CADDedup Vision is a high-performance, production-ready system for detecting duplicate CAD drawings using computer vision. It features a **progressive 4-layer search architecture** that balances speed and accuracy.

## Documentation Map

- Documentation index: [docs/DOCUMENTATION_INDEX.md](docs/DOCUMENTATION_INDEX.md)
- Deployment guide: [docs/DEPLOYMENT.md](docs/DEPLOYMENT.md)
- Windows Server deployment: [docs/WINDOWS_SERVER_DEPLOYMENT.md](docs/WINDOWS_SERVER_DEPLOYMENT.md)
- Pre-release checklist: [docs/PRE_RELEASE_CHECKLIST.md](docs/PRE_RELEASE_CHECKLIST.md)
- Operations runbook: [docs/OPERATIONS_RUNBOOK.md](docs/OPERATIONS_RUNBOOK.md)
- API v2 reference: [docs/API_V2_REFERENCE.md](docs/API_V2_REFERENCE.md)
- Technical handoff note: [reports/TECHNICAL_SESSION_NOTES_20260310.md](reports/TECHNICAL_SESSION_NOTES_20260310.md)

### Key Features

- **Progressive Search**: L1 (pHash) → L2 (FAISS) → L3 (ML) → L4 (Geometric)
- **Sub-second Search**: 50-300ms for most queries
- **Scalable**: Handles 100K+ drawings with FAISS indexing
- **Production Ready**: Kubernetes Helm chart, monitoring, caching
- **Extensible**: Plugin architecture for ML Platform and DedupCAD integration

### Architecture

```
┌─────────────────────────────────────────────────────────────────┐
│ Progressive Search Engine │
├─────────────────────────────────────────────────────────────────┤
│ ┌──────────────┐ ┌──────────────┐ ┌──────────────┐ │
│ │ L1: pHash │ → │ L2: FAISS │ → │ L3: ML │ → L4 │
│ │ (~1ms) │ │ (~10ms) │ │ (optional) │ │
│ │ Fast filter │ │ ANN search │ │ Deep verify │ │
│ └──────────────┘ └──────────────┘ └──────────────┘ │
├─────────────────────────────────────────────────────────────────┤
│ Cache Layer (Redis) │ Rate Limiting │ Telemetry (OpenTelemetry)│
└─────────────────────────────────────────────────────────────────┘
```

## Quick Start

### Docker (Recommended)

```bash
# Pull and run (latest)
docker run -p 8000:8000 ghcr.io/zensgit/dedupcad-vision:latest

# Or pin a release version
docker run -p 8000:8000 ghcr.io/zensgit/dedupcad-vision:1.1.7

# Optional: Docker Hub mirror (if configured for this repo)
docker run -p 8000:8000 :latest

# Or with docker-compose
docker-compose up -d
```

Note: `ghcr.io` container packages may be private. If you see `401 Unauthorized`, either make the
package public (GitHub UI -> Packages -> Settings -> Change visibility) or login with a GitHub PAT:
`docker login ghcr.io` (token scope: `read:packages`).

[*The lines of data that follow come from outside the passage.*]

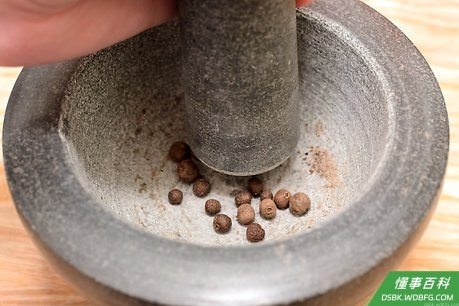 Step 2 对于大的香料和种子,使用击捣的方法。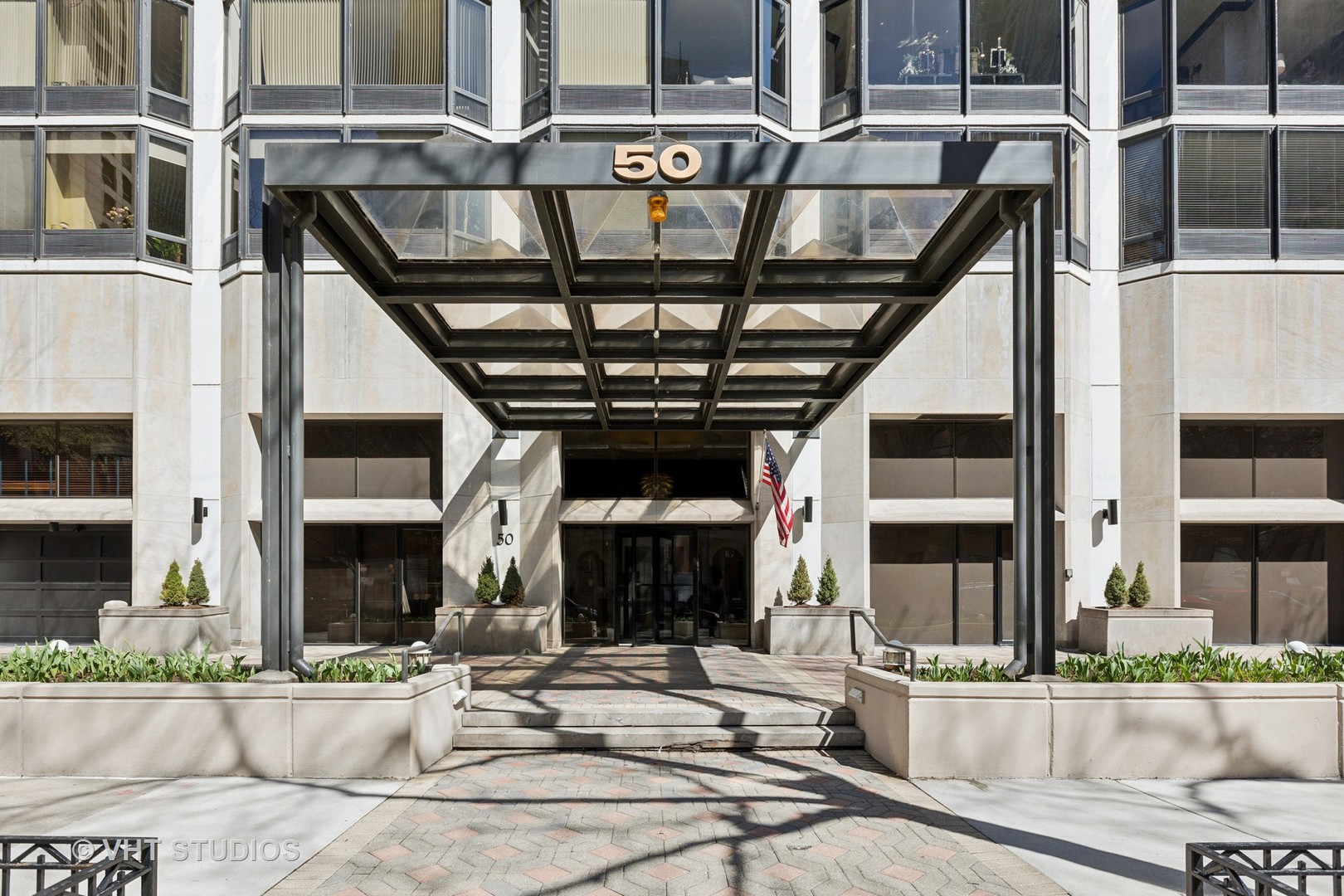 50 E Bellevue Place 605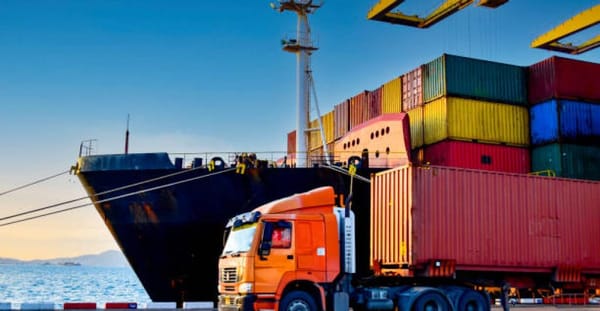 Nuevo decreto permitirá reembolso de impuestos a exportadores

Note: The root Dockerfile exposes port 8000. The Python entrypoint defaults to 58001.

### Python Installation

Tested Python versions: 3.10, 3.11, 3.13 (3.11 recommended). Python 3.13
uses NumPy 2.x and faiss-cpu>=1.10.0 via dependency markers.

```bash
# Install from PyPI
pip install caddedup-vision

# Install with all extras
pip install caddedup-vision[all]

# Start the server
caddedup-vision
```

Default port for the Python entrypoint is 58001. Override with CADDEDUP_VISION_PORT if needed.

### Kubernetes (Helm)

```bash
helm install caddedup-vision ./deploy/helm/caddedup-vision \
--set redis.auth.password=your-password \
--set persistence.enabled=true
```

If you deploy from `ghcr.io` and the image is private, create an `imagePullSecret` and set
`imagePullSecrets` in Helm values. See `deploy/helm/caddedup-vision/README.md`.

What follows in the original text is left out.